Prosecutors in Russia’s spy trial have asked a court to sentence former US Marine Paul Whelan to 18 years in prison for allegedly accepting state secrets, according to his lawyer.
Monday’s court session in Moscow saw lawyers on both sides make their closing arguments, ending a proceeding that has strained ties with Washington and fuelled speculation of a prisoner exchange.
Paul Whelan’s lawyer Vladimir Zherebenkov told reporters that the prosecutor had requested 18 years “in a harsh regime colony” for his client.
“To be honest, we are in shock,” he said outside the court, where the trial was held behind closed doors.
Whelan reacted calmly to the prosecutor’s “very harsh” demand, the lawyer said. “He is behaving with dignity.”
Zherebenkov said the prosecutor believed Whelan to be an officer – “at least a colonel” – at the US defence intelligence agency.
Whelan said in court that “he did not do any spying and was not collecting any secret information”, the lawyer said.
The sentencing of the 50-year-old US national, who also holds British, Canadian and Irish passports, is expected on June 15.
Whelan was arrested in December 2018. He has said he visited Russia to attend a wedding and was framed when he took a USB drive from an acquaintance thinking it contained holiday photos.
“In a just system, the court would acquit Paul based on the lack of evidence,” Whelan’s brother David said in a statement before the hearing. “But we expect a wrongful conviction and can only hope that the sentence is at the lighter end of the range.”

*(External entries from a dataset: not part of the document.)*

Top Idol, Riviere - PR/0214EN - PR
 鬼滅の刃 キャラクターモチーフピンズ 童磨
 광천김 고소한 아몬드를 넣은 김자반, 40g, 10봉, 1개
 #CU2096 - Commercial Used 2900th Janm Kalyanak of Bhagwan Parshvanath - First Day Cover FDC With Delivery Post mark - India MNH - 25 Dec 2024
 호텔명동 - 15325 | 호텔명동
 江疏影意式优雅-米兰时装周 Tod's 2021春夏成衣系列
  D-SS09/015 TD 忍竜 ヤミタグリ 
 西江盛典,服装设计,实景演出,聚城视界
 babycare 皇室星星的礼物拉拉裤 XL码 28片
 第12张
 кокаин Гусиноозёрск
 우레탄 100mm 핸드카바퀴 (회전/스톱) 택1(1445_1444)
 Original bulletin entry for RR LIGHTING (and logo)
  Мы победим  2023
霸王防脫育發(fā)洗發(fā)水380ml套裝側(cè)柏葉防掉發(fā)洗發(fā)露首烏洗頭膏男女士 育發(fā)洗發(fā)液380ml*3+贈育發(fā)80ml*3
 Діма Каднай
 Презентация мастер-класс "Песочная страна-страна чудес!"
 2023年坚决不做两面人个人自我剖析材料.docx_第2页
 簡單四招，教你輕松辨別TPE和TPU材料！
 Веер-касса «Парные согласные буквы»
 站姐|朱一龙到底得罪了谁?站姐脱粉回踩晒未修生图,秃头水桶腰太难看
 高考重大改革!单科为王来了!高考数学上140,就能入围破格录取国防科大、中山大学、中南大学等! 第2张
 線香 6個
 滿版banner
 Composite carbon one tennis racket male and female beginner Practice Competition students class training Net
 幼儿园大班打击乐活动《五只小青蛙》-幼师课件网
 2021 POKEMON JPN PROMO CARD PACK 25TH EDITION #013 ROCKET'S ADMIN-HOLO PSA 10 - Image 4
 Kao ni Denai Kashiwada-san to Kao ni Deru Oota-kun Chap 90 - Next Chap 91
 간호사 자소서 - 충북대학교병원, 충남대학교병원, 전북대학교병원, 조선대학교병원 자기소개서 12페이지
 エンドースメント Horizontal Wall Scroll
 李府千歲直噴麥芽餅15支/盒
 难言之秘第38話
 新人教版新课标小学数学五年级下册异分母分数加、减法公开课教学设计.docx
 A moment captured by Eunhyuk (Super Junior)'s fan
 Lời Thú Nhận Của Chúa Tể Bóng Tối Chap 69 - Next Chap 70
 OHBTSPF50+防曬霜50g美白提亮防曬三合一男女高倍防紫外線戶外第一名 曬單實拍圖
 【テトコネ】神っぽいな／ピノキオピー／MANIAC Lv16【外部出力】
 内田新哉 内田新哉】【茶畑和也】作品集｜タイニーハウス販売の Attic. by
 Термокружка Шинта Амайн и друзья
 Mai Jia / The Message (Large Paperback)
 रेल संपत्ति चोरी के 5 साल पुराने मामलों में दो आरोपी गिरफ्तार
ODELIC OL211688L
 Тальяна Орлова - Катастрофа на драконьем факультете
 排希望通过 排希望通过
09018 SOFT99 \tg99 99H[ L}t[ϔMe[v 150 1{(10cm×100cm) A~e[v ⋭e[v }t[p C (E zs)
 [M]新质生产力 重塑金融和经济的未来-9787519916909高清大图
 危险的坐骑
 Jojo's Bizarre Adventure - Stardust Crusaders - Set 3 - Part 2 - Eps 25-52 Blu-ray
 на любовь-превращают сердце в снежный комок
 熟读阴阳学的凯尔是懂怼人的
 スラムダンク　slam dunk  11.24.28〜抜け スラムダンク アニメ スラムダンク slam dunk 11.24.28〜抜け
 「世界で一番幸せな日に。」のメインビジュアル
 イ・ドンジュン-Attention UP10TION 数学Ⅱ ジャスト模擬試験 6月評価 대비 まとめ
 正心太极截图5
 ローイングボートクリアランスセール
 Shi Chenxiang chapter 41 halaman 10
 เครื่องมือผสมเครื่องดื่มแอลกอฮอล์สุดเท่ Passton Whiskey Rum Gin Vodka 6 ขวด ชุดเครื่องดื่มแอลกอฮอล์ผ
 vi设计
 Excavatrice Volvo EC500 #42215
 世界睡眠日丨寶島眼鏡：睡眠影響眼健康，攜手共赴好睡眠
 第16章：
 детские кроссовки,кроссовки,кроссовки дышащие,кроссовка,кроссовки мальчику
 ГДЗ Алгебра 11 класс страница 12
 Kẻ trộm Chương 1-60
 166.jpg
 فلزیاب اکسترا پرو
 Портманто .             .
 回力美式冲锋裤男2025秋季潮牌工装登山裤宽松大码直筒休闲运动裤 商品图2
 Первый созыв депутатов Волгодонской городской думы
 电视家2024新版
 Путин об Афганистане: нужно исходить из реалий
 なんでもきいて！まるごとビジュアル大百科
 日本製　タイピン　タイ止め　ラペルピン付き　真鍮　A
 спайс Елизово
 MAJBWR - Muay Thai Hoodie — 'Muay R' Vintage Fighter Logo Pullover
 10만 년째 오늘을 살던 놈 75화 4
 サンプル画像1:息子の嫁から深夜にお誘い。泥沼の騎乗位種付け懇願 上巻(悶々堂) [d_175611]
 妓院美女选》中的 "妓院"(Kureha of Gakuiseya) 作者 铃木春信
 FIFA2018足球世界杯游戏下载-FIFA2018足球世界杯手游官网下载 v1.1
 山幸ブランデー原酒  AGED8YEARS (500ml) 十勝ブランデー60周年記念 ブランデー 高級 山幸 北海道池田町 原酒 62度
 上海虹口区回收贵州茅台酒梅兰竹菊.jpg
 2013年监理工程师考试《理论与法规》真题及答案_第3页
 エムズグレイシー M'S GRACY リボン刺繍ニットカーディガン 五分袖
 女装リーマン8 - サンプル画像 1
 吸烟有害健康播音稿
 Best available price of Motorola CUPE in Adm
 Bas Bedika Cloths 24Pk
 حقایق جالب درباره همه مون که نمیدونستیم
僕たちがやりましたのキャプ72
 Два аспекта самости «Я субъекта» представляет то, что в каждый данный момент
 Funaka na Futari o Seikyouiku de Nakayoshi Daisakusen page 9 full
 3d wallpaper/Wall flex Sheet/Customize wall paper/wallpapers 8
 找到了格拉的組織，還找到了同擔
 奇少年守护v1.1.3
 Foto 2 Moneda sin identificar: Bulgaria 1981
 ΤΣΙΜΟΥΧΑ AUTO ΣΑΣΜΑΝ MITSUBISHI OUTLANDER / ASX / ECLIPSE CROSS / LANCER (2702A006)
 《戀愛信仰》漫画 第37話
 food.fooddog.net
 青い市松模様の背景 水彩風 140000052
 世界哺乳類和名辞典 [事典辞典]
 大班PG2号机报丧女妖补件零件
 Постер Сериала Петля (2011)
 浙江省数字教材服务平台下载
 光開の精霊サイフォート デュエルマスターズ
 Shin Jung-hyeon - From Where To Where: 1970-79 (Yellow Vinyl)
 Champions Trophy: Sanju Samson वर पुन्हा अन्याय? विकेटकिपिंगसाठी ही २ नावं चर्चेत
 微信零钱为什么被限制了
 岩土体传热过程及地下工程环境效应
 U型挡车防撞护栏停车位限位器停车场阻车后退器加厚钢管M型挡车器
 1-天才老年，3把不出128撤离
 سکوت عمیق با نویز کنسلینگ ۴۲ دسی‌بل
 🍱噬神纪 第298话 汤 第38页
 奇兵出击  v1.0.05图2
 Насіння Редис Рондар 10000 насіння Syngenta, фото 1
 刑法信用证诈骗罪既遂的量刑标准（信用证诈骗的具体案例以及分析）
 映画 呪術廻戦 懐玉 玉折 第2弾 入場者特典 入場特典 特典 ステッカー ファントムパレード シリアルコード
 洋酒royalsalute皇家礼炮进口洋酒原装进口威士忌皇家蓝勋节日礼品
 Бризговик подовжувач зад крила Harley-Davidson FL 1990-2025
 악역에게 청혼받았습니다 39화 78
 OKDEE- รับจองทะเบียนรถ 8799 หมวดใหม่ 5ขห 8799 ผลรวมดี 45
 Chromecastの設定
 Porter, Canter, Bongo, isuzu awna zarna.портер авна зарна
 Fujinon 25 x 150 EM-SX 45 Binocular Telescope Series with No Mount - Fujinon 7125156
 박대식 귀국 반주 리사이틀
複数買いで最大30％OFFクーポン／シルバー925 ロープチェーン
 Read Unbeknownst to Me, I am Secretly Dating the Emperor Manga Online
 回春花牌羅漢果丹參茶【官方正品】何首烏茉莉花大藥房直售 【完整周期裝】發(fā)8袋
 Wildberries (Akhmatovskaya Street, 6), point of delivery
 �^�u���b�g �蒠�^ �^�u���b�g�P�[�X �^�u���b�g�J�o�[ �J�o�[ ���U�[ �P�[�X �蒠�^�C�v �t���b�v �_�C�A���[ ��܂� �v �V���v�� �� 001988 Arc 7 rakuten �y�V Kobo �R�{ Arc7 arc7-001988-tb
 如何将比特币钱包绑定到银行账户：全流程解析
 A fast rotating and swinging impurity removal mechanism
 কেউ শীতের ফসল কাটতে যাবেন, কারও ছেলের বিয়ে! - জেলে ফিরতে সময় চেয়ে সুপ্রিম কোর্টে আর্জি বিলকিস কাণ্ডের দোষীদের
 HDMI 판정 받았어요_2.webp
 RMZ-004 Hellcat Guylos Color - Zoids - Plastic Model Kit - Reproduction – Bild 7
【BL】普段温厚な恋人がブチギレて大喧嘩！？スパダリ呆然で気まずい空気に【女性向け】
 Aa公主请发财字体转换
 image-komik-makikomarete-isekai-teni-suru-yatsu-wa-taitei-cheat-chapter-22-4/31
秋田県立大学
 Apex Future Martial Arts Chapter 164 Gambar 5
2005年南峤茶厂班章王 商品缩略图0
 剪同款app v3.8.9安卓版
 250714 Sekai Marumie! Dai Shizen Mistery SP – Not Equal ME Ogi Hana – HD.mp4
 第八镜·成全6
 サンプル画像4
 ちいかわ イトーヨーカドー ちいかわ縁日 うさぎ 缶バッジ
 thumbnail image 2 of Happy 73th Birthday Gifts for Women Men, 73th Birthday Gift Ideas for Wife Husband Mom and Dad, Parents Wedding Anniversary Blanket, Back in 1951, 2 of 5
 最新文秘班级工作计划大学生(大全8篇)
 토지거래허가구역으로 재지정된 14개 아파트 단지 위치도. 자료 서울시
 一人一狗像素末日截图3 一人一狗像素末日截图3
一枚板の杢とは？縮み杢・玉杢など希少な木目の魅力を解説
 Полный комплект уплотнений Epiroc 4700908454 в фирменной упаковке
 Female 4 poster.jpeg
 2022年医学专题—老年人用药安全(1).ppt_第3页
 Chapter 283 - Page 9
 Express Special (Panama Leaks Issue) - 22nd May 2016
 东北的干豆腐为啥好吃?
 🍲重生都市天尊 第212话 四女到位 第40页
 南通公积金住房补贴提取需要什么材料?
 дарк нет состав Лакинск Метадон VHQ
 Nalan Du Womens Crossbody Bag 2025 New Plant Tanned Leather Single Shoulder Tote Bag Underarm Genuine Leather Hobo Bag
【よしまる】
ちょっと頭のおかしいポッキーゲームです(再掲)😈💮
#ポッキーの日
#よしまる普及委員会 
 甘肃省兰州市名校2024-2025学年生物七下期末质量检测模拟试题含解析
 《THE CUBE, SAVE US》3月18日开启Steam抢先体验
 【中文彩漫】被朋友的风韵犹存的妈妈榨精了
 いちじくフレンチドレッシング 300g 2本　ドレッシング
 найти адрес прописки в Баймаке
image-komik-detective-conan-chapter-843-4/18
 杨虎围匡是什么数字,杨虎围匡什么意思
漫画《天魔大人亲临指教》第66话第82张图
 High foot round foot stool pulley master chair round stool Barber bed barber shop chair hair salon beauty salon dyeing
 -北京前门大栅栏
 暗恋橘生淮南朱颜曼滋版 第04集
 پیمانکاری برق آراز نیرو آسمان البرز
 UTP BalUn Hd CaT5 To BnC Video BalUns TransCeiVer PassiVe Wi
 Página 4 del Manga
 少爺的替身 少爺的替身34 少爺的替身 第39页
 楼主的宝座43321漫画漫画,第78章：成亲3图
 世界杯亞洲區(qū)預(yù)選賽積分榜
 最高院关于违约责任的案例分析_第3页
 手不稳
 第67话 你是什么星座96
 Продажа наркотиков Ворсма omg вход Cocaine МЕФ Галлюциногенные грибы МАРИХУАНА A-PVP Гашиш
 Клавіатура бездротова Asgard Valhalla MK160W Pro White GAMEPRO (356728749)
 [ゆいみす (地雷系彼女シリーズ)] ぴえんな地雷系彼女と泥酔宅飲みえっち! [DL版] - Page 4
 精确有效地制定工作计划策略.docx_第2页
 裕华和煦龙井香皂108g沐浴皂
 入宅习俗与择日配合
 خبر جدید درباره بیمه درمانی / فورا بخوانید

The trial, which began in March this year, has continued behind closed doors in a Moscow courtroom despite the coronavirus pandemic and diplomatic protests.
The US has condemned Whelan’s detention saying there was insufficient evidence to hold him.
US Ambassador to Russia John Sullivan criticised Whelan’s treatment in detention last month, saying it was “intolerable” that he was being barred access to medical care and has not been allowed to speak to the family.
Whelan, who was head of global security of a US auto parts supplier at the time of his arrest, last year asked for the prosecutor and judge to be removed from the case.
He claimed that evidence he provided was ignored and the court was biased in favour of the prosecution and security services.
He used earlier court hearings to appeal to journalists and US President Donald Trump, and claimed he was being mistreated, not given full translations of documents and rarely granted access to his lawyer.
Russian authorities have barred journalists and embassy employees from attending recent hearings because of the coronavirus epidemic.
Zherebenkov said three defence witnesses failed to show up to a hearing last week over coronavirus fears.
Whelan’s case has raised speculation that the US and Russia could be positioning themselves for a prisoner swap, possibly involving Russian pilot Konstantin Yaroshenko, imprisoned in the US on drug smuggling charges.